Solved – MLE and MAP with Naive Bayes

map-estimationmaximum likelihoodnaive bayes

From what I understand, Naive Bayes classifies by doing:

$$
y \leftarrow argmax_{y_k}P(Y=y_k)\prod_{i}P(X_i|Y=y_k)
$$

There are two things there we need to know: $P(Y=y_k)$ and all the $P(X_i|Y=y_k)$

Now, for estimating the parameters of a probability distribution

  • MLE maximizes $P(D|\theta)$
  • MAP maximizes $P(\Theta|D) = \frac{P(D|\Theta)P(\Theta}{P(D)}$

The problem for me is bringing everything together.

From what I've read so far, both $P(Y=y_k)$ and all the $P(X_i|Y=y_k)$ are the parameters of the Naive Bayes model.

So these things is what we want to estimate using either MLE or MAP.

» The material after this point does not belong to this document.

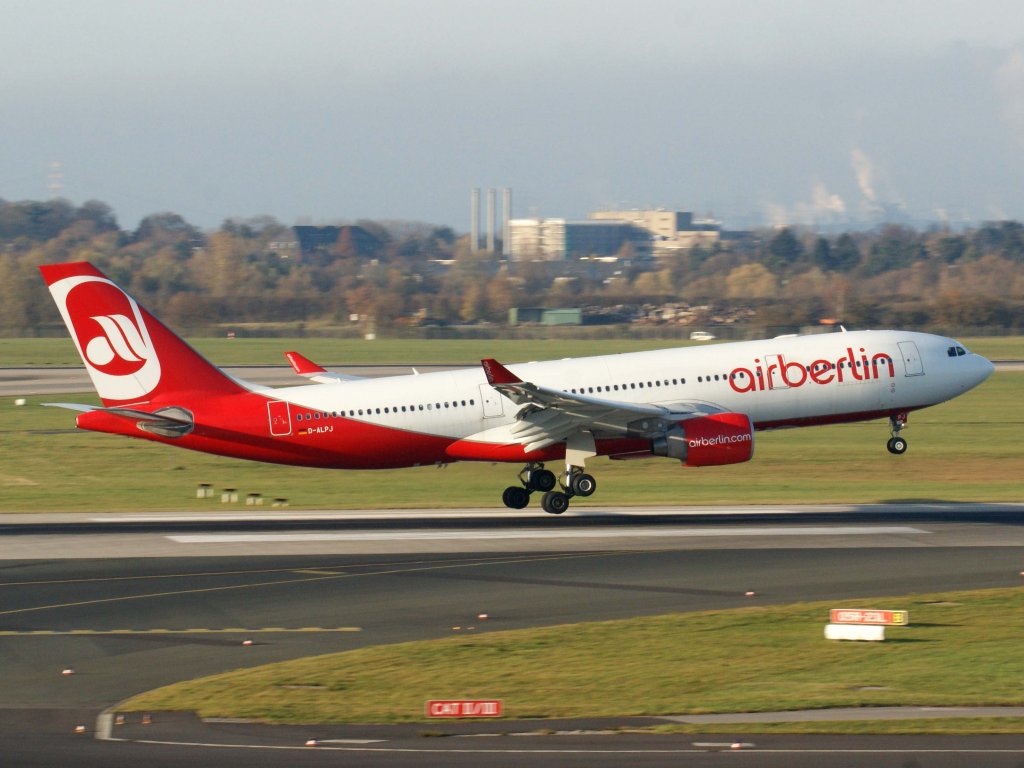 Air Berlin (ex LTU), D-ALPJ, Airbus, A 330-200, 13.11.2011, DUS-EDDL, Dsseldorf, Germany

So far so good. But now I get confused:

What exactly is $P(D|\Theta)$ in this case? Is it $P(Y=y_k)\prod_{i}P(X_i|Y=y_k)$?

What confuses me is that MLE kinda looks like $P(X_i|Y=y_k)$. But then I read that $P(Y=y_k)$ can also be estimated using MLE.

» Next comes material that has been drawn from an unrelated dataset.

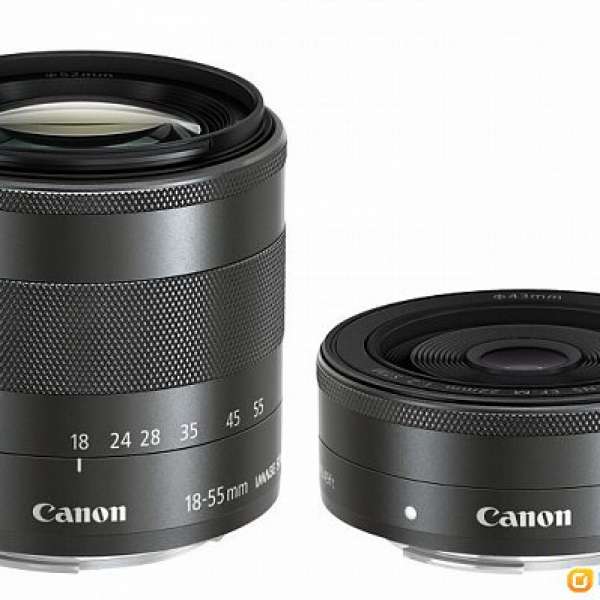 Canon EOS-M 99%NEW雙KlT鏡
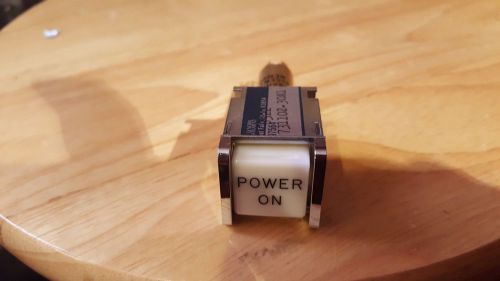 General Instruments &#034;Power On&#034; Switch   ( P/N 731102-30A1 )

But the formula for MLE contains a conditional probability. How does $P(Y=y_k)$ fit into the picture?

For MAP, it kinda makes more sense to me, because we assume a prior for $P(Y=y_k)$.

Best Answer

Naive Bayes is not the best example in here, hence your confusion. Naive Bayes is the whole classification algorithm, that tells us how to make classifications given the data, by calculating the conditional probabilities and combining them, by making the naive assumption of independence. I said that this is not the best example, because the algorithm uses Bayes theorem to combine the probabilities, so people sometimes confuse this with thinking that the algorithm has something in common with Bayesian statistics, it doesn't.

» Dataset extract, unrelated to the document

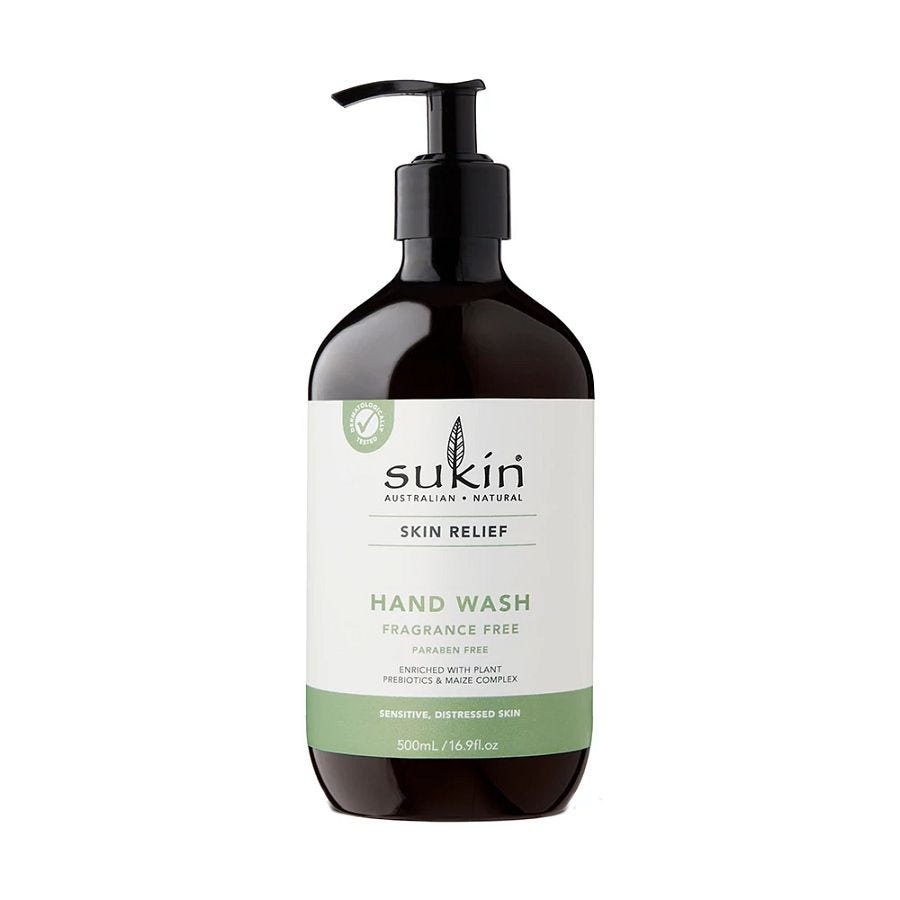 Sukin Skin Relief Fragrance-Free Hand Wash 16.9 fl. oz.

You are correct, in naive Bayes the probabilities are parameters, so $P(Y=y_k)$ is a parameter, same as all the $P(X_i|Y=y_k)$ probabilities. The standard, maximum likelihood, approach is to calculate the probabilities using MLE estimators, e.g. for $P(Y=y_k)$ you would count the cases where $Y=y_k$ and divide by the sample size, same for conditional probabilities, but there you would count within subsets. Bayesian, maximum a posteriori, estimate for such probabilities would need from you to assume prior distributions for the parameters. The popular model for binary data would be beta-binomial model, or Dirichlet-categorical for categorical variables, where we have closed-form solutions for the posterior distributions of the parameters.